Comment: In regard to section 3(c), a commenter stated there appears to be a lack of consistency between similar perennial crops whose Crop Provisions were recently revised or issued. The Olive, Pear and Macadamia Nut Crop Provisions all contain similar if not the same verbiage as found in the Prune Crop Provisions prior to this Proposed Rule. On the other hand, the Stonefruit Crop Provision language is very similar to the Prune Crop Provision Proposed Rule language with the significant difference in that the results as found in (c)(1), (2) and (3) are hinged upon when the situation “occurred” as opposed to when the situation was “reported.” This is a very significant difference. The commenter proposes some level of similarity and/or consistency be used for this provision for perennial crops.

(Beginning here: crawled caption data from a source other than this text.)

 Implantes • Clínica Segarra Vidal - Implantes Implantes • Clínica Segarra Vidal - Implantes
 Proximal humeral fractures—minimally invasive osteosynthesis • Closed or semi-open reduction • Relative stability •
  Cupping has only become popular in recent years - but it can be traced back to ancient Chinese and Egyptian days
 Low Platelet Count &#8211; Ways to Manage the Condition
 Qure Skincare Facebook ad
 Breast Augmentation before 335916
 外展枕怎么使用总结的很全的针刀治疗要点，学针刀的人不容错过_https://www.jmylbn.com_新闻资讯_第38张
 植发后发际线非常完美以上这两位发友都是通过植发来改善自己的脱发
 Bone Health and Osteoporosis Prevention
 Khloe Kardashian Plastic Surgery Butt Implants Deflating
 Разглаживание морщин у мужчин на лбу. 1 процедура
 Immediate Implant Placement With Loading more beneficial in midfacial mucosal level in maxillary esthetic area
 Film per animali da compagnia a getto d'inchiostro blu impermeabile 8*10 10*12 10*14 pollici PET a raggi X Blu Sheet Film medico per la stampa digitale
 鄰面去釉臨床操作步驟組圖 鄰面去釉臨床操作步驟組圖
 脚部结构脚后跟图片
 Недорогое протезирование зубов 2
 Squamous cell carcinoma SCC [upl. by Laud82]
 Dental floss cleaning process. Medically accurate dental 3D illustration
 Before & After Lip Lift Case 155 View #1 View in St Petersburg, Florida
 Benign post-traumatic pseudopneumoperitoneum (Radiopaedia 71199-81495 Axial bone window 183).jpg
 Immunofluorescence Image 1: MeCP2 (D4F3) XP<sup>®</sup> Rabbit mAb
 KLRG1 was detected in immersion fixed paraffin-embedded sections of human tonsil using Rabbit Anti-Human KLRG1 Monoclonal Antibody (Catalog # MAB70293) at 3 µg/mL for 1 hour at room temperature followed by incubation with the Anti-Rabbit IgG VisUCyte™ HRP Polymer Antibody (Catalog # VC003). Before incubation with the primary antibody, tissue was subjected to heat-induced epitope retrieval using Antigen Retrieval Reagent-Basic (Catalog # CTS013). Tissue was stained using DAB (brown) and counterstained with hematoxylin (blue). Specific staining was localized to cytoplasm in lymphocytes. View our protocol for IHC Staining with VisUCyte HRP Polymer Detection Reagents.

Response: FCIC agrees with the commenter and the provision has been revised by changing the term “reported” to “occurred.”
Comment: A few commenters stated the last sentence in section 3(c)(3) states “We will reduce the yield used to establish your production guarantee for the subsequent crop year.” The commenters question what if the event that occurred was something that only affects the crop for the year in question and has no carryover effect on the yield into the next year. In this type of situation the yield used to establish the production guarantee for the next year should not be affected by the event that occurred. However, based on the above referenced language, the yield would have to be reduced and reduced by the same amount as determined during the year in which the event occurred. This language needs to be revised to provide the insurance providers with some latitude as to whether the subsequent years yield should be reduced and to what extent it should be reduced. The producer could also have certain events that occur which have some effect on the next year, but the effect is less than the production that was assessed for the year in which the event occurred. Therefore, this sentence needs to be modified to allow the insurance providers to have some flexibility to be able to determine how much, if any, the yield should be reduced for the subsequent crop year.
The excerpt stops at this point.